Ça n’est pas la première fois que l’homme a été malmené. Mais la fois d’avant, personne n’avait bronché ; il est vrai qu’en face, il y avait des islamistes.
Il est de bon ton aujourd’hui de sortir pour fustiger ceux qui ont osé lever la main sur les cheveux blancs d’un vieux comme Dioncounda. C’est même une obligation de ne pas le faire, c’est être un mufle. Pourtant en 2010, il avait été malmené encore plus gravement qu’aujourd’hui après le vote du code de la famille. En effet, qu’est-ce qui est plus pénible pour un individu donné: être tapé physiquement ou se faire dire que sa mère devait l’évacuer avec ses urines pour éviter de le mettre au monde ? Cela n’est qu’un échantillon de la cassette sortie, vendue et écoutée par tous les Maliens en 2010 après le vote par l’Assemblée nationale du fameux code. Dioncounda n’avait ni bronché encore moins démissionné. Et personne au Mali n’avait osé ou voulu tousser à cette occasion. On a fait comme si rien ne s‘était passé. Une femme députée, présidente de la commission loi de son état avait été elle aussi injuriée publiquement sous son pagne. Cela s’est passé au Mali. Personne n’avait levé le petit doigt et rien, absolument rien n’est arrivé à ceux qui ont fait ça. Au contraire. Pour quoi ? Par peur des barbus, pardi !
Après le tabassage du lundi 21, cela a été tout le contraire. Tout le monde y va de sa dénonciation, proclame son indignation et soutient que notre ‘’danbé’ interdit l’atteinte aux cheveux blancs (cheveux blancs que l’intéressé lui-même a farouchement répudié par ‘’haram’’).
Partout on jure les mains sur le cœur qu’on a jamais apprécié Dioncounda, qu’on ne fait pas de politique et qu’on est juste indigné par l’atteinte à nos valeurs ancestrales. L’Adema n’a jamais dépensé autant d’argent pour acheter les espaces sur les ondes de radios pour faire la promotion du nouveau produit Dioncounda, histoire d’atténuer l’aversion des Maliens à son encontre et préparer le terrain au ‘‘grand projet’’ en préparation, faire tomber le gouvernement. Les Maliens n’ont jamais autant téléphoné aux radios privées pour s’épancher sur la question et jamais animateur de radio n’a laissé l’antenne aux auditeurs pour dénoncer un acte. C’est la plus grosse unanimité de l’ère démocratique. Avec un passage obligé : dénoncer l’intolérable. Et cela n’est pas prêt de s’arrêter. Pour l’Adema, que d’aucun soupçonne d’avoir planifié le tabassage par calcul politique, c’est une aubaine et une riche ruche de miel à recueillir jusqu’à la dernière goutte. Mais aussi de donner l’occasion au partenaire Cedeao de jouer sa partition dans le projet commun.

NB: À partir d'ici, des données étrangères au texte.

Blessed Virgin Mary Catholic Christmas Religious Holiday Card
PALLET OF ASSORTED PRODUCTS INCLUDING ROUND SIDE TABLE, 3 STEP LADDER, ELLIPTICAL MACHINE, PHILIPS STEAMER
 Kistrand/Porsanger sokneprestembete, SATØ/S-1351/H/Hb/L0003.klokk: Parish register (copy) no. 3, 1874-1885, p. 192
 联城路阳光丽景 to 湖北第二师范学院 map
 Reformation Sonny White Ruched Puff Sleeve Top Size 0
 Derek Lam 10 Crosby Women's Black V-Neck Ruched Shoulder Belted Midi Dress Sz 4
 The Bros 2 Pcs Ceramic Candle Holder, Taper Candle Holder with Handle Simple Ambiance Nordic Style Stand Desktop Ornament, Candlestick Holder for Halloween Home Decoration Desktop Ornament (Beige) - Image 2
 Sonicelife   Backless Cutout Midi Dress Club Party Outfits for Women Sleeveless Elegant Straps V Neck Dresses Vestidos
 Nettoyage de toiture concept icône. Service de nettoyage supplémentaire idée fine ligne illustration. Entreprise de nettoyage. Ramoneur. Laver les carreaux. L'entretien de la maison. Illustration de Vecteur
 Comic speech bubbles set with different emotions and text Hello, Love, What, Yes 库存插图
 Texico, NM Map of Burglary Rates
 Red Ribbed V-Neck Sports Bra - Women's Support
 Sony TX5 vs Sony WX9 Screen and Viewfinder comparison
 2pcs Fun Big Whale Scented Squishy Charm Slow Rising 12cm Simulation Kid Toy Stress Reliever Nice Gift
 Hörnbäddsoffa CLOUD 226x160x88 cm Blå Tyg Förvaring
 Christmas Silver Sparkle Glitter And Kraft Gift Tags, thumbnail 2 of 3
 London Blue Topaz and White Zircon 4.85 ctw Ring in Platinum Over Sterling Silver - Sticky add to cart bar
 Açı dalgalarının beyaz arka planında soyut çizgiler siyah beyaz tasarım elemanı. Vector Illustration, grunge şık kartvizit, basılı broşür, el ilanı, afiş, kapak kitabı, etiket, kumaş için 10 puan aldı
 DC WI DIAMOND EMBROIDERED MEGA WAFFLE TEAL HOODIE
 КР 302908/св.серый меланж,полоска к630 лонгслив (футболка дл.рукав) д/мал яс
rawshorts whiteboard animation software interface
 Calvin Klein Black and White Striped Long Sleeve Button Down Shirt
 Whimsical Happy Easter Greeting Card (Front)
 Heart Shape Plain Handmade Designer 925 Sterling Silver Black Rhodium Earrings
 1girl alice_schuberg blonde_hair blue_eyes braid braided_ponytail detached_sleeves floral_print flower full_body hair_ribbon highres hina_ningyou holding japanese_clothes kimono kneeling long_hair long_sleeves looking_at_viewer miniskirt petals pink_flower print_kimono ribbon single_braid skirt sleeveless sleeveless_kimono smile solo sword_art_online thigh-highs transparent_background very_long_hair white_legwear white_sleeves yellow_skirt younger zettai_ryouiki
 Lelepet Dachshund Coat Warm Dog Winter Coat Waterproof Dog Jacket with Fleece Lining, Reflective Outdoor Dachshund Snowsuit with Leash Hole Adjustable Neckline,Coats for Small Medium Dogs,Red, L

C’est ainsi que Mohamed Bazoum, ministre nigérien des Affaires Etrangères et parlant au nom de la Cedeao, a fait une sortie très musclée et très coléreuse sur les ondes e la Bbc, le 24 mai dernier pour accuser ouvertement et violement le capitaine Sanogo d’être « hypocritement » responsable du tabassage de Dioncounda. Il a ajouté que l’armée aurait refusé d’obéir à ce dernier sur ordre du capitaine Sanogo. Bazoum a alors lancé des menaces ulcéreuses au chef du Cnrdre, « lui et les petits partis décadents qui l’accompagnent ». On a rarement vu un diplomate parler d’une façon aussi crue, aussi directe et aussi emportée. Le porte-parole de la Cedeao a révélé que pour sévir contre «ceux qui sont à l’origine de tous les problèmes que le Mali connaît aujourd’hui, les ministres des Affaires Etrangères de la Cedeao s’étaient déjà réunis le samedi 19 pour décider de l’envoi à Bamako des militaires chargés d’aller « combattre le capitaine Sanogo et les siens sans demander l’ avis du Mali.»
Il convient de noter ici le fait que le samedi 19, c’est le jour du début des deux jours de négociation qui a abouti à la signature du protocole d’accord par lequel le capitane accepte de laisser Dioncounda faire une année de transition et se retirer des affaires. Ce qui veut dire que la Cedeao ‘‘savait’’ déjà qu’il allait envoyer des gens frapper Dioncounda et avait donc anticipé le tabassage. A moins que ce soit un coup monté d’avance.
En ce qui concerne l’envoi, sans l’avis du Mali, des militaires combattre l’ex chef d’Etat ‘’qui refuse de partir réellement’’, il est permis de se demander s’il n’est pas remis à plus tard. Les déclarations du Premier ministre, qui est revenu, le samedi 26 de deux jours de périple à Ouaga puis à Abidjan le laissent entrevoir.